Do you feel this same way about working adults, that they must walk to meetings “together,” eat lunch together each and every day? Honestly wondering what is wrong with some of you.
Anonymous
Anonymous wrote:My DD partially picked her school because the kids were walking in groups and eating together. Once she got there, she realized that kids who did not have friends were embarrassed to eat alone and it was a very cliquish school. She probably ate in the cafeteria 10 times her first semester. She ate in her room because it was too embarrassing to be seen alone. Granted, that was her insecurity but I do think normalizing eating alone is not a bad thing. She was jealous of her friend’s school, which had a set up for kids to eat alone (like bar stools or something similar, I can’t remember).
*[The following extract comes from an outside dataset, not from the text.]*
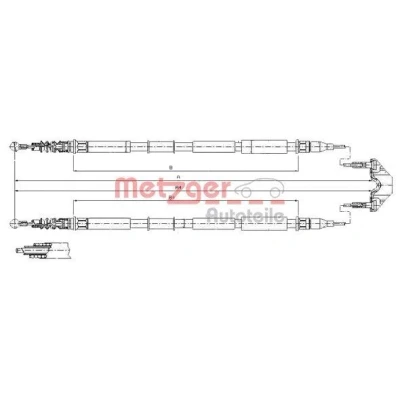 Kuva METZGER 11.5867 Käsijarruvaijeri Takana 1749/1551+1774/1577 Levyjarru COFLE OPEL: Zafira B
+1 I always retreated back to my room for meals if I couldn’t find a friend whose schedule aligned with mine. I wasn’t confident enough to publicly eat alone until I was pushing 40!
Anonymous
It makes me so sad for our kids that parents think eating and walking alone is a problem. I think it's great, much better than kids who are too embarrassed to go to the dining hall because their meal time doesn't match up with a friend's.

Also, ???? to the walking alone. I went to a small school and often walked alone because I had friends in different majors. It doesn't mean I sat alone in class; we just all headed in different directions after class was over.

This is such a weird thing to complain about, and to blame on phones.
Anonymous
I think seeing a cafeteria where 40% of students are athletes and they stick together is a real problem for some SLACs
Anonymous
I always ate by myself my freshman year when I had a meal plan. This was 1995. Always. I took a book, got my food, and sat alone. I didn't have many friends and I didn't really want them. I loved to read, I was mildly depressed at my school, and I generally just kept my head down. I also always walked alone.
Anonymous
Anonymous wrote:What I remember was that freshmen tended to travel in large packs, while upperclassmen gradually became confident enough to eat/walk/function alone.


What I remember was that freshmen were the only ones regularly eating in the cafeteria; most upperclassmen weren't on the meal plan.